Esta, aliás, foi precisamente a resposta que o Santo Padre Pio XII, na época ainda apenas Secretário de Estado do Vaticano, deu aos bispos daquele país no início dos anos 30, quando quiseram obrigar formalmente os católicos chilenos a votar apenas no Partido Conservador. “Sem dúvida, a Igreja não pode se desinteressar da verdadeira ‘grande política’, que visa o bem comum e faz parte da ética geral, no sentido promover e defender o caráter sagrado da família e da educação, os direitos de Deus e das consciências” – disse então o futuro papa – “Coisa diferente é se se trata de ‘política partidária’, isto é, dos agrupamentos de cidadãos que se propõem a resolver os problemas econômicos, políticos e sociais segundo as suas próprias escolas ou ideologias, e que, mesmo que não se desviem da doutrina católica, podem chegar a diferentes conclusões”. E arrematou: “Um partido político, mesmo que se proponha a se inspirar na Doutrina Social da Igreja e a defender seus direitos, não pode se arrogar a representação de todos os fiéis, pois seu programa concreto nunca terá valor para todos”.

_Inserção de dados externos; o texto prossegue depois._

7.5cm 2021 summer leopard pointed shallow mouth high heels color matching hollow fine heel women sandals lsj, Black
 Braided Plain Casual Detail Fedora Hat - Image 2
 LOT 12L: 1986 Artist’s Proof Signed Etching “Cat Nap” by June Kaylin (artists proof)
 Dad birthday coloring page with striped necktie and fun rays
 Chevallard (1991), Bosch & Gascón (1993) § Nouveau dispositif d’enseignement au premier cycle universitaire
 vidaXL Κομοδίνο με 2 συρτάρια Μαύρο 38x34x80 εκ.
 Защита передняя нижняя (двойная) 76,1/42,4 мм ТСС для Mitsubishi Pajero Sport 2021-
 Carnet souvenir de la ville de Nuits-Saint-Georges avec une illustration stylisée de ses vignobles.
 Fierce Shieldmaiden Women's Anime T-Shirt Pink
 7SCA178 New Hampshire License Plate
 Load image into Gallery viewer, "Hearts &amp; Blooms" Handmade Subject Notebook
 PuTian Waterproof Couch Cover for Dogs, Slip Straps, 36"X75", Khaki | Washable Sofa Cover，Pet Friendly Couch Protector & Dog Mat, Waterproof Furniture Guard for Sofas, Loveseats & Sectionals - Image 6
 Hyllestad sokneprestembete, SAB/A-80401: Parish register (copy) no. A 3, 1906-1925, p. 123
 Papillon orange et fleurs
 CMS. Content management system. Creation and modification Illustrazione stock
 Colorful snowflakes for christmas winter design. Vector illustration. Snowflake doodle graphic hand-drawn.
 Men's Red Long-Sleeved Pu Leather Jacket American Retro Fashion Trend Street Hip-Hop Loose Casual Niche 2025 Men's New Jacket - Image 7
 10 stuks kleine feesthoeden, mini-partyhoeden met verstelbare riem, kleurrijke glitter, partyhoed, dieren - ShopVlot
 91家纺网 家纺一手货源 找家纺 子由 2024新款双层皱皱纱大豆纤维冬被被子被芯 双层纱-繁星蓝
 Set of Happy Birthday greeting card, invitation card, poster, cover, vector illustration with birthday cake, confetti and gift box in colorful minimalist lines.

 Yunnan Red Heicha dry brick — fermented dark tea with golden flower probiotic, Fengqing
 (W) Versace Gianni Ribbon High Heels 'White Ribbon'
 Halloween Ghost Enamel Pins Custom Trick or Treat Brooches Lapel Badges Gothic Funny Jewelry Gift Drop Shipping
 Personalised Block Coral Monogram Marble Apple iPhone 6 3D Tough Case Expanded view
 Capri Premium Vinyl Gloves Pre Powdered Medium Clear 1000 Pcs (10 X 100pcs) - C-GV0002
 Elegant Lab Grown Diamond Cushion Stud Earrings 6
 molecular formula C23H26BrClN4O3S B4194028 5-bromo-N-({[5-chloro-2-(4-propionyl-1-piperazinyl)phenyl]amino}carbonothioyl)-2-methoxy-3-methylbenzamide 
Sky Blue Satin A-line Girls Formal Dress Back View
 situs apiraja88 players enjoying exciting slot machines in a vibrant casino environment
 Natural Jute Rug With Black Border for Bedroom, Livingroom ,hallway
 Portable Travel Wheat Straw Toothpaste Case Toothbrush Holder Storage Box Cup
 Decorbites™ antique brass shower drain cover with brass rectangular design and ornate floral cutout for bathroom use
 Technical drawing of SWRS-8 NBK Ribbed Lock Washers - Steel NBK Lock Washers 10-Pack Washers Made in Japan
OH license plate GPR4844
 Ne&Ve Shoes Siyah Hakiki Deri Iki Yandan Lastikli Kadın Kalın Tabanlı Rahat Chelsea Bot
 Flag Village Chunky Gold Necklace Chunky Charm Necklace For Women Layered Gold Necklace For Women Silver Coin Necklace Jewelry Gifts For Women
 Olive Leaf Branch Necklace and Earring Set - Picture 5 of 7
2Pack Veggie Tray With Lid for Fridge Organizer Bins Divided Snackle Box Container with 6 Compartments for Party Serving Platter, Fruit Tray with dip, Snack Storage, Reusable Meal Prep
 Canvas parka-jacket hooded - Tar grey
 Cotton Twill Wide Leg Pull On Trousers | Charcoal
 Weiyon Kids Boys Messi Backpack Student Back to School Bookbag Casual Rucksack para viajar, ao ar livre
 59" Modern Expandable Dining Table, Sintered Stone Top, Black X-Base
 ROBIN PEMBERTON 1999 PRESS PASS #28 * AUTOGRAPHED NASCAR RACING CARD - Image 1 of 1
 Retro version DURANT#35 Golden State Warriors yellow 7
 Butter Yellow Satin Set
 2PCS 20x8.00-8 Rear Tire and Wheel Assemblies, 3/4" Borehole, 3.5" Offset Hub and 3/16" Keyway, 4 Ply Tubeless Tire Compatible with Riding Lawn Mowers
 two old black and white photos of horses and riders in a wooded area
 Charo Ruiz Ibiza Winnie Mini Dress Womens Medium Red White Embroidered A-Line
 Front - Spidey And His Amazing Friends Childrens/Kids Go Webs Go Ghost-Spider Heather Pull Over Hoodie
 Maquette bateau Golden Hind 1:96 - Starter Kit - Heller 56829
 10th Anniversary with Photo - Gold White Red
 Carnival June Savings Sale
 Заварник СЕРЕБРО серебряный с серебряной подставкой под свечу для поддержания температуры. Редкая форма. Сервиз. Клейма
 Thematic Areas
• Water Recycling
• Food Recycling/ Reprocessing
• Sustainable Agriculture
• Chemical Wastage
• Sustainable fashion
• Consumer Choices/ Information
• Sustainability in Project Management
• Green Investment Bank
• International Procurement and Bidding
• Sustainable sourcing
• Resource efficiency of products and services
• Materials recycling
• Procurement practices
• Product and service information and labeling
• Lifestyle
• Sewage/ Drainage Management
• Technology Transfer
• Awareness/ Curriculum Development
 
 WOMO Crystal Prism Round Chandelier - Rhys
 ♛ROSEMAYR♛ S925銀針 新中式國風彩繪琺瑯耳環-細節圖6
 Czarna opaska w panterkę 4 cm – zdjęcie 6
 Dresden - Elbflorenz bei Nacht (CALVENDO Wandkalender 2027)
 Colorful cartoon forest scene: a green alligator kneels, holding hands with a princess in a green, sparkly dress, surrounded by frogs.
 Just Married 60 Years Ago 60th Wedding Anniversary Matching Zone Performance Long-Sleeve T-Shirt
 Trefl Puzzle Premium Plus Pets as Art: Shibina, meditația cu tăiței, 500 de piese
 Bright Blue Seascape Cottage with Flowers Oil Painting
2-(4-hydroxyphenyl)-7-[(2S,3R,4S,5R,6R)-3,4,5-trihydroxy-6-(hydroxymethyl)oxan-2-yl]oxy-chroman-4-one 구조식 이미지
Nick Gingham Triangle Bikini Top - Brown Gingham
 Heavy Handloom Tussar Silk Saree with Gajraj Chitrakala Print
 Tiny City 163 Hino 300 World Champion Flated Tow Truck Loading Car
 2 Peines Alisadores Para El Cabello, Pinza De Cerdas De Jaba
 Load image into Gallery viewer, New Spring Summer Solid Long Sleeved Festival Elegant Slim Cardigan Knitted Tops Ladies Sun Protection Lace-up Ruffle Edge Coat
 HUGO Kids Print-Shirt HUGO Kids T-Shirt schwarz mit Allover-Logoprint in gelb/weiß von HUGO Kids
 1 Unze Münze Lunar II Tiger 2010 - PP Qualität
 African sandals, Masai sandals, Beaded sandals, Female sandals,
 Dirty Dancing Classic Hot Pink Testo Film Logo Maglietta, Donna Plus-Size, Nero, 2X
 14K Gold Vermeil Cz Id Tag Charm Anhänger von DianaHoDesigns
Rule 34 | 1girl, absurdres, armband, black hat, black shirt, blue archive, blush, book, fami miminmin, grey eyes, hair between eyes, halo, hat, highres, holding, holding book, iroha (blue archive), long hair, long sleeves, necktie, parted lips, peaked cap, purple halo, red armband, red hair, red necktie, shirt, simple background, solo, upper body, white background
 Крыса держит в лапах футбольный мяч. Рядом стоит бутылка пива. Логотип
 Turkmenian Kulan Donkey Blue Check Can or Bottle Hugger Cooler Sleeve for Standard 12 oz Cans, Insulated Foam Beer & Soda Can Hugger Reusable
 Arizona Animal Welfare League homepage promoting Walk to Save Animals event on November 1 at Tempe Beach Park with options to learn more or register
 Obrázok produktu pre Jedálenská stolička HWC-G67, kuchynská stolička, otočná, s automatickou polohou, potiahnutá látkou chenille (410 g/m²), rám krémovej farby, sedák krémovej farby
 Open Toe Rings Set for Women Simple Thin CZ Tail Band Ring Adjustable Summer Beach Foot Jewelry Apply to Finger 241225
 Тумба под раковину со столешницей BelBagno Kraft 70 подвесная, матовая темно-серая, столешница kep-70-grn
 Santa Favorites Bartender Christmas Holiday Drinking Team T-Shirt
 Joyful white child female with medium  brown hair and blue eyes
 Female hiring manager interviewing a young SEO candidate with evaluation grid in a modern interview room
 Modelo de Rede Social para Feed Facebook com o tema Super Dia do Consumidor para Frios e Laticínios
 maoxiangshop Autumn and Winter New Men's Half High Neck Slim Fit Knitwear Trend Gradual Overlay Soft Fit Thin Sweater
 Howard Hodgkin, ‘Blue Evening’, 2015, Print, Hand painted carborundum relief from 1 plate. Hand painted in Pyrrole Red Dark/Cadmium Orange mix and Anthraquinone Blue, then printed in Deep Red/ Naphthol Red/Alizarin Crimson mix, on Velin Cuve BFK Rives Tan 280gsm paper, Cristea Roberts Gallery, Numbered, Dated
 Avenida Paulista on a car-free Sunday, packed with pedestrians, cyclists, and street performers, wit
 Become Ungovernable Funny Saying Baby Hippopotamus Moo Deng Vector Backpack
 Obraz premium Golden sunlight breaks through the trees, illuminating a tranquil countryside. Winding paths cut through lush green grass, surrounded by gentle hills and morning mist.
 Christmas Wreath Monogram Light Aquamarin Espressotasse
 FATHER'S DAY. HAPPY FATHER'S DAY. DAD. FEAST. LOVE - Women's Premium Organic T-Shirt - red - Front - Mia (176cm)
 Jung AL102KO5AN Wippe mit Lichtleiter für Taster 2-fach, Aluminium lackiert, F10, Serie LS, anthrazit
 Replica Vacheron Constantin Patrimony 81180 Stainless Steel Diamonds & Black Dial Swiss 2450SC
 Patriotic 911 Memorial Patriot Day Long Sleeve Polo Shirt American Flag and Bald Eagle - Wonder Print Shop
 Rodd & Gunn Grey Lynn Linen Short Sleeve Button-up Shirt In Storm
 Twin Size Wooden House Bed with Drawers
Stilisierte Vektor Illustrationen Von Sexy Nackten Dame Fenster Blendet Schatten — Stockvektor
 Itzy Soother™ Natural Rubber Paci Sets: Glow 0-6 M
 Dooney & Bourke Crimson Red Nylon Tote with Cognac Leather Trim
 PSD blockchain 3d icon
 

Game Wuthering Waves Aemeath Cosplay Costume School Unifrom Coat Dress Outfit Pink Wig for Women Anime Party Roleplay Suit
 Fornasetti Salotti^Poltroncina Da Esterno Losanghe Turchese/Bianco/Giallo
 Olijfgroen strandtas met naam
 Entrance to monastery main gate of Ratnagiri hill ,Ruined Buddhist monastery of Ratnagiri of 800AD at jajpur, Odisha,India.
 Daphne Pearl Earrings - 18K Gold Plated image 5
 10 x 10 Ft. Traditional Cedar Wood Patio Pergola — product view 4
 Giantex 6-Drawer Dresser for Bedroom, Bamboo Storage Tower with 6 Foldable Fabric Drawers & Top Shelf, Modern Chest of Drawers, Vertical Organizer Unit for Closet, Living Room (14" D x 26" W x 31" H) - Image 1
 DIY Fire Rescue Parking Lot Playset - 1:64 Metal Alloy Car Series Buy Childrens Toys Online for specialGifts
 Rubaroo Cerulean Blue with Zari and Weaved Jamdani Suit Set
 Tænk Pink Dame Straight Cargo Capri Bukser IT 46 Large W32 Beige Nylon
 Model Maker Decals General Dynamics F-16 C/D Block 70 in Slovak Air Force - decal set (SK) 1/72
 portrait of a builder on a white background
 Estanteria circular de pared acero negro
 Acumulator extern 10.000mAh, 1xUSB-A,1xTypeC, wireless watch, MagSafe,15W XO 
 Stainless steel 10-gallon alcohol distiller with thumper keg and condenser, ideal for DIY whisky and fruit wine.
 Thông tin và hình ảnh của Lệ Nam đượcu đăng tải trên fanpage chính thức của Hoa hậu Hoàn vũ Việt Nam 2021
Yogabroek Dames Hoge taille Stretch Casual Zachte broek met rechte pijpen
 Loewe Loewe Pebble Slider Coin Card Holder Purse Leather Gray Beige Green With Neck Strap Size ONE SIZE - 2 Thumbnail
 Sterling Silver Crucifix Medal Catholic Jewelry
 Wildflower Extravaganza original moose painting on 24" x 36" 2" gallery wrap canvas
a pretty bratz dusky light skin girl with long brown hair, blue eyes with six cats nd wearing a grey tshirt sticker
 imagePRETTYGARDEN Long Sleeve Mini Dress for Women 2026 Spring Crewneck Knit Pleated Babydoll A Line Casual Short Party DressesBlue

A Comunhão Popular afirma com toda a clareza, em seu manifesto fundador, que é “um movimento político e patriótico de inspiração cristã, pautado pela Doutrina Social da Igreja”. Mas acrescenta também, logo, depois, no mesmo texto, que nós “Não pretendemos falar em nome da Igreja, mas apenas em nosso próprio nome”. Isso não é uma pose ou um jeito de dizer. É uma convicção profunda. Nós, da CP, buscamos, com toda a sinceridade, e não obstante nossas fraquezas, ser o mais fiéis que podemos a Cristo e à sua mensagem. Mas, diferente de certos grupos, não temos a menor pretensão de monopolizar a representação política do Evangelho. Sabemos que há muitos outros, diferentes de nós, e talvez divergentes duros de nossas ideias, que buscam com igual sinceridade preencher a vida pública dos valores cristãos. Por isso mesmos, não aceitamos que o altar se torne palanque de ninguém. Nem de nós, nem deles, nem de nenhum outro.